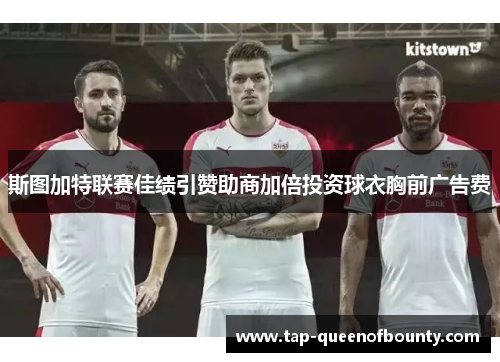 斯图加特联赛佳绩引赞助商加倍投资球衣胸前广告费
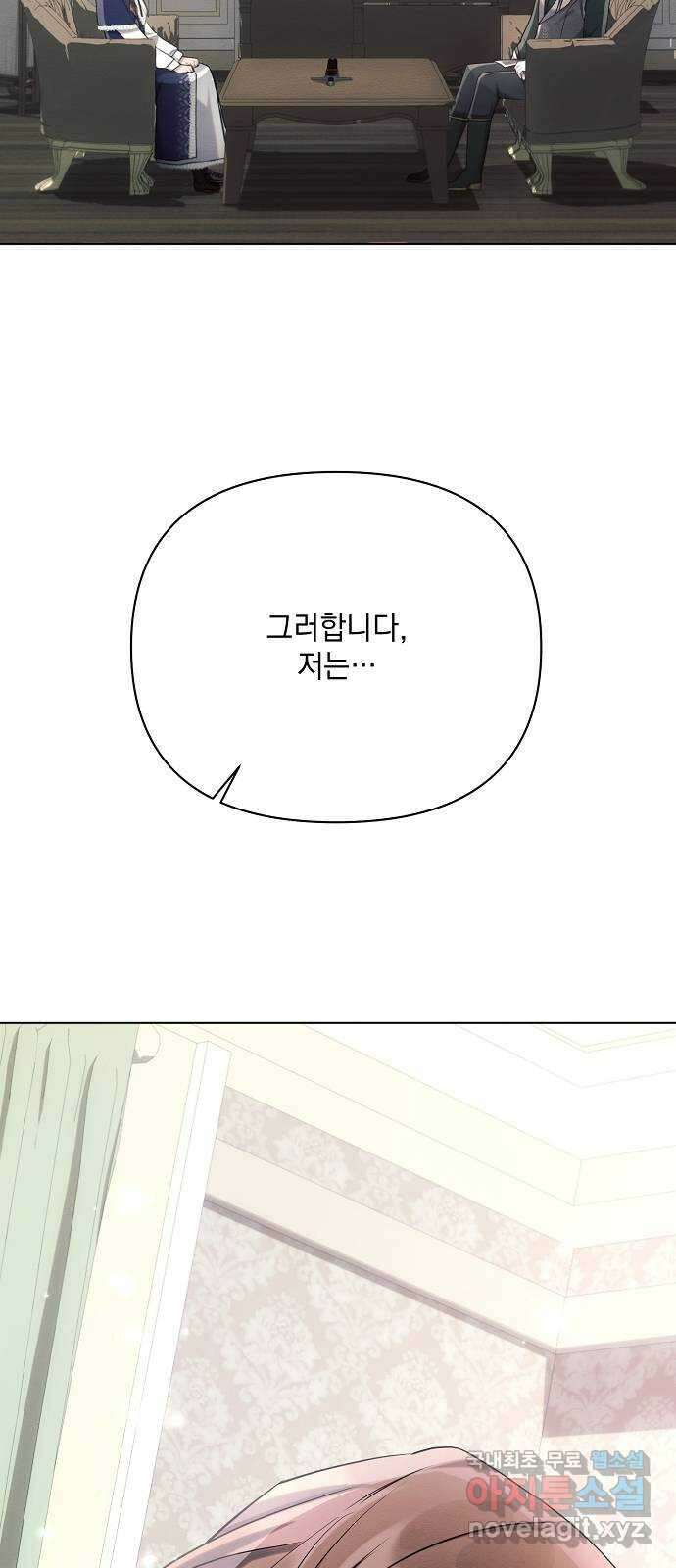 아슈타르테 31화 9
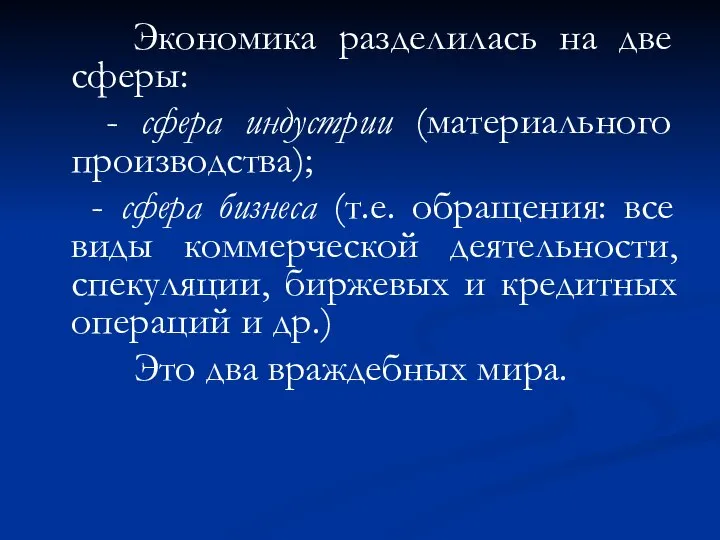 Экономика разделилась на две сферы: - сфера индустрии (материального производства); -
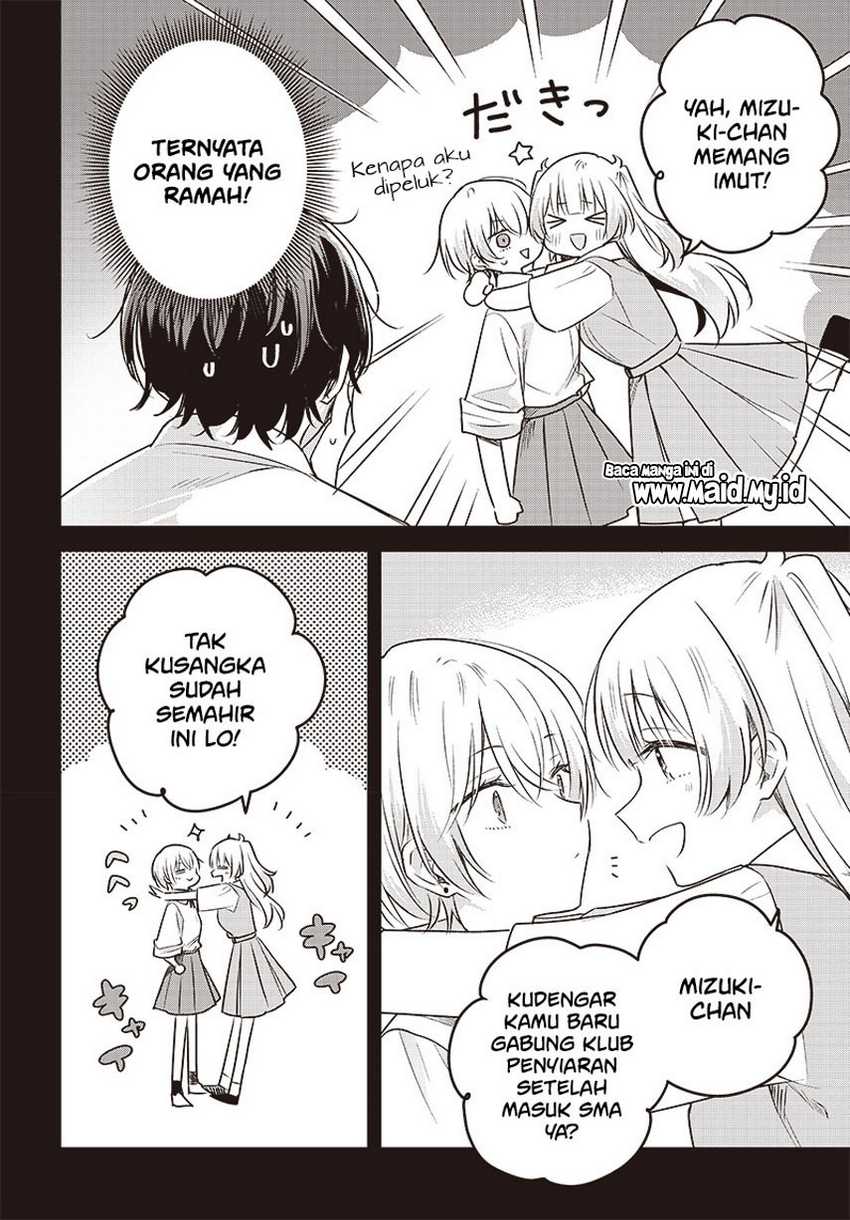Hana wa Saku, Shura no Gotoku Chapter 30 Gambar 12
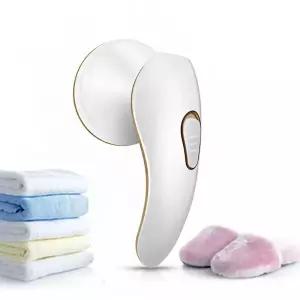 보풀제거기 충전식 의류 니트 보풀 관리 세탁 가정용 제거기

Required action: Without including the pictures, return each record above exactly as it stands.

Problem solution:
 斯图加特联赛佳绩引赞助商加倍投资球衣胸前广告费
 아슈타르테 31화 9
 Экономика разделилась на две сферы: - сфера индустрии (материального производства); -
Hana wa Saku, Shura no Gotoku Chapter 30 Gambar 12
 보풀제거기 충전식 의류 니트 보풀 관리 세탁 가정용 제거기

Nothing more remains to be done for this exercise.